_Exercise requirements_
From the listing below, output the lines between the one with "Tahmazoğlu’ndan çocuk şenliğine davet" and the one with "facturación gasolinera Servicio Mugomais", including those two, and nothing else. Pictures are not copied.
(Source information Opens)
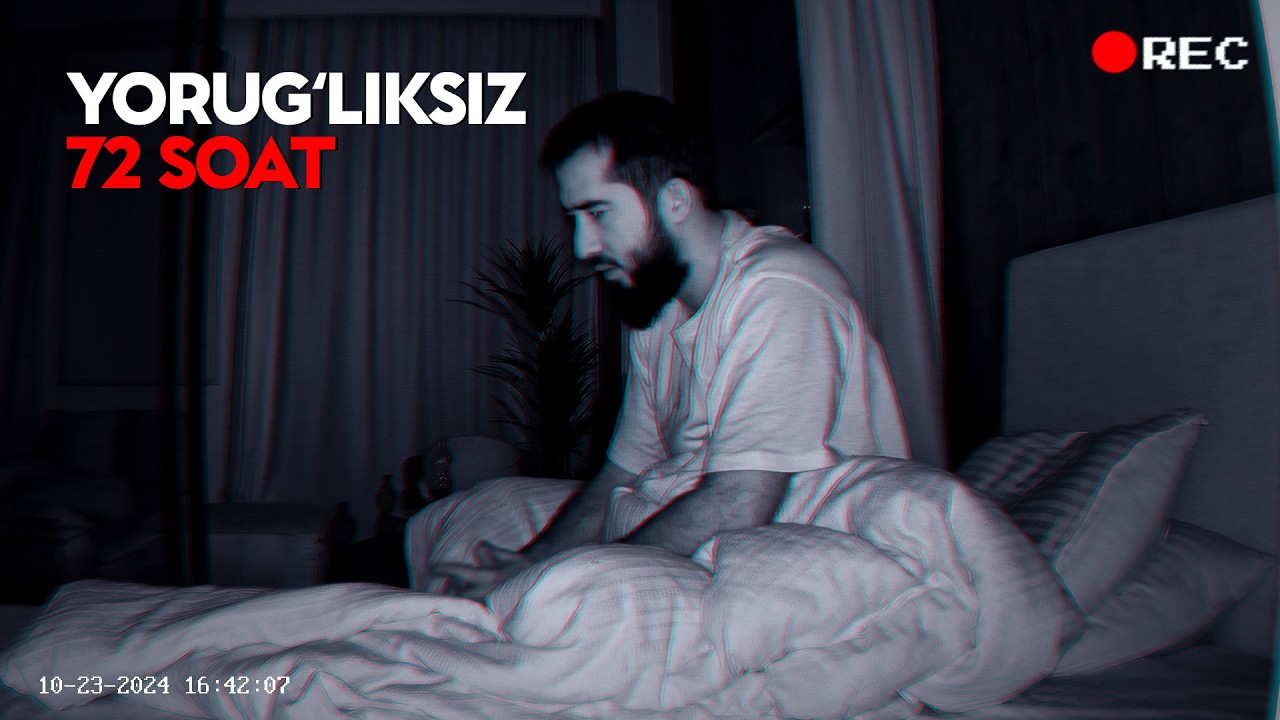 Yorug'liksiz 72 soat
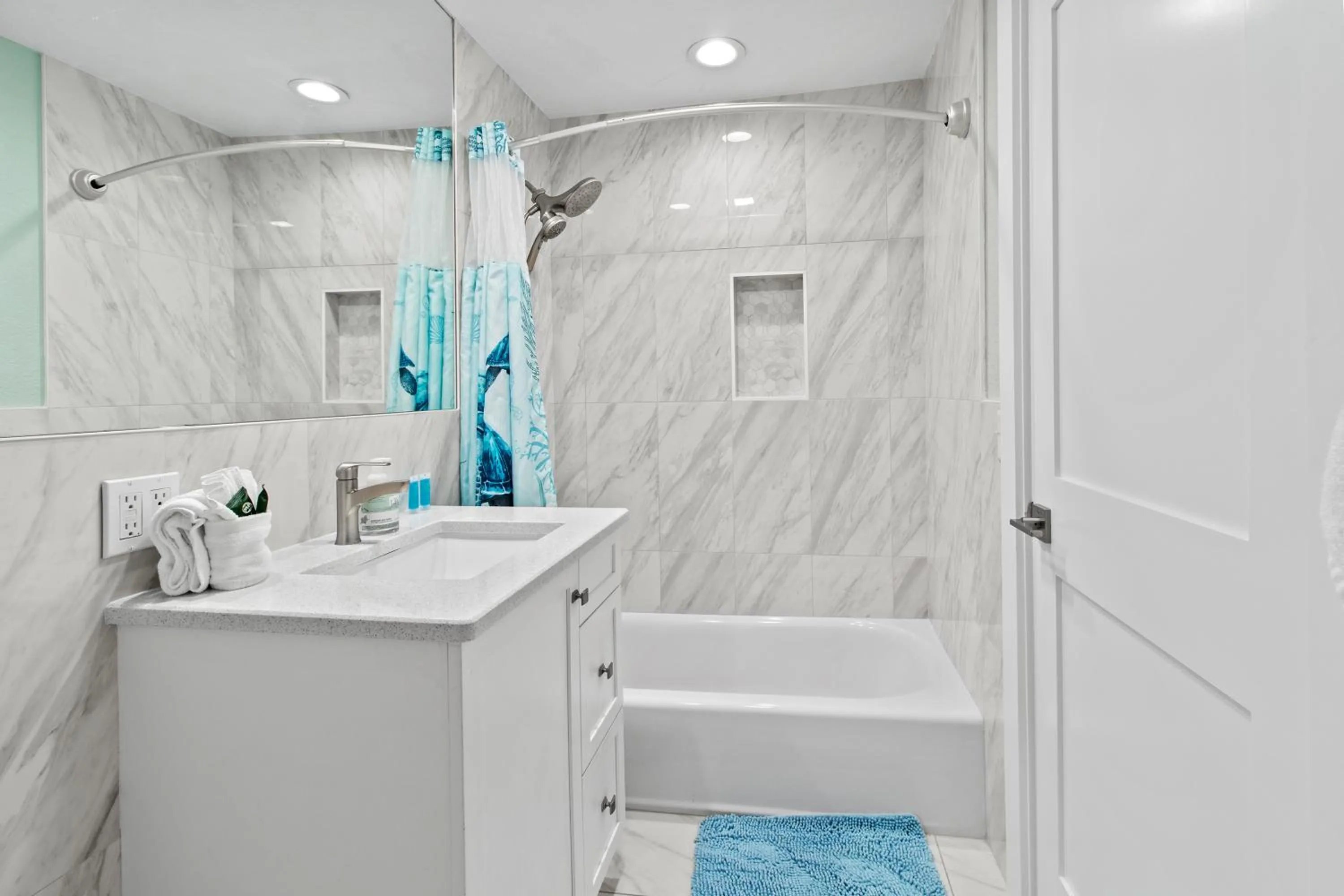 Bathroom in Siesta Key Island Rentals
(Source information Closes)
(Source information Opens)
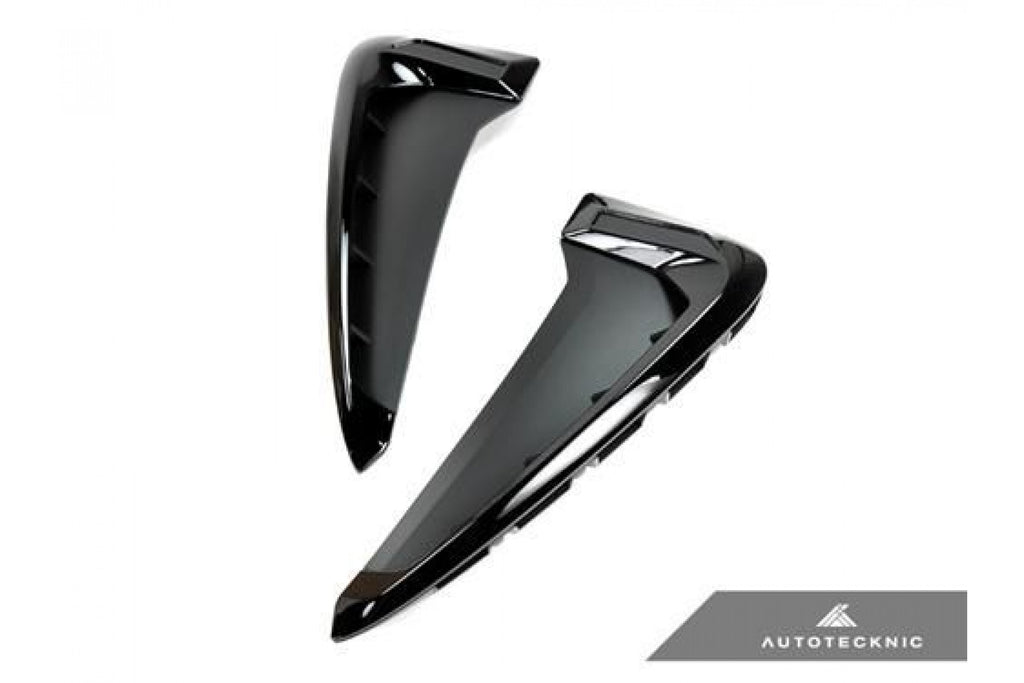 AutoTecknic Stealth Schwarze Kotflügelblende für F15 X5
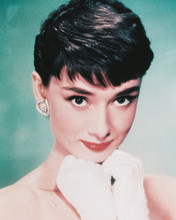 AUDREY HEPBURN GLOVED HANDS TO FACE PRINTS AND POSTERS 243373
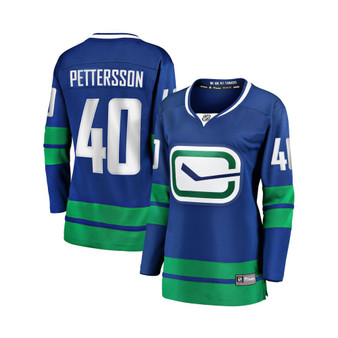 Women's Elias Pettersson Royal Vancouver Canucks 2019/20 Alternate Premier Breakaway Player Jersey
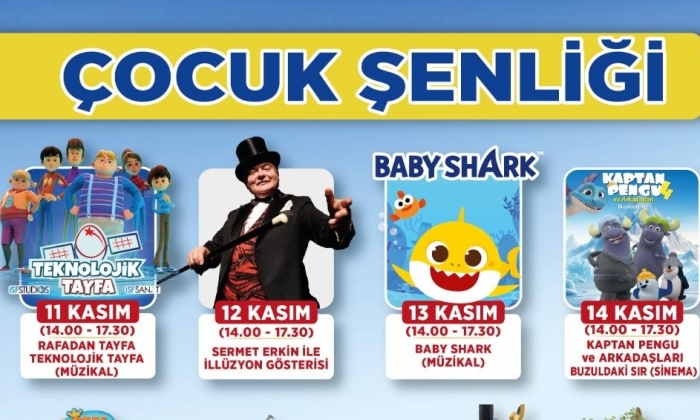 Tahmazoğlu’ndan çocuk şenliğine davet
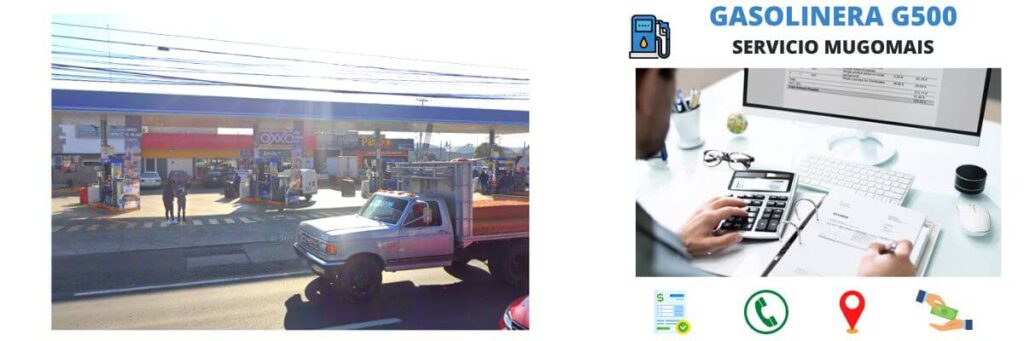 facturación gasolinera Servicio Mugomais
(Source information Closes)
_Solution_
 Tahmazoğlu’ndan çocuk şenliğine davet
 facturación gasolinera Servicio Mugomais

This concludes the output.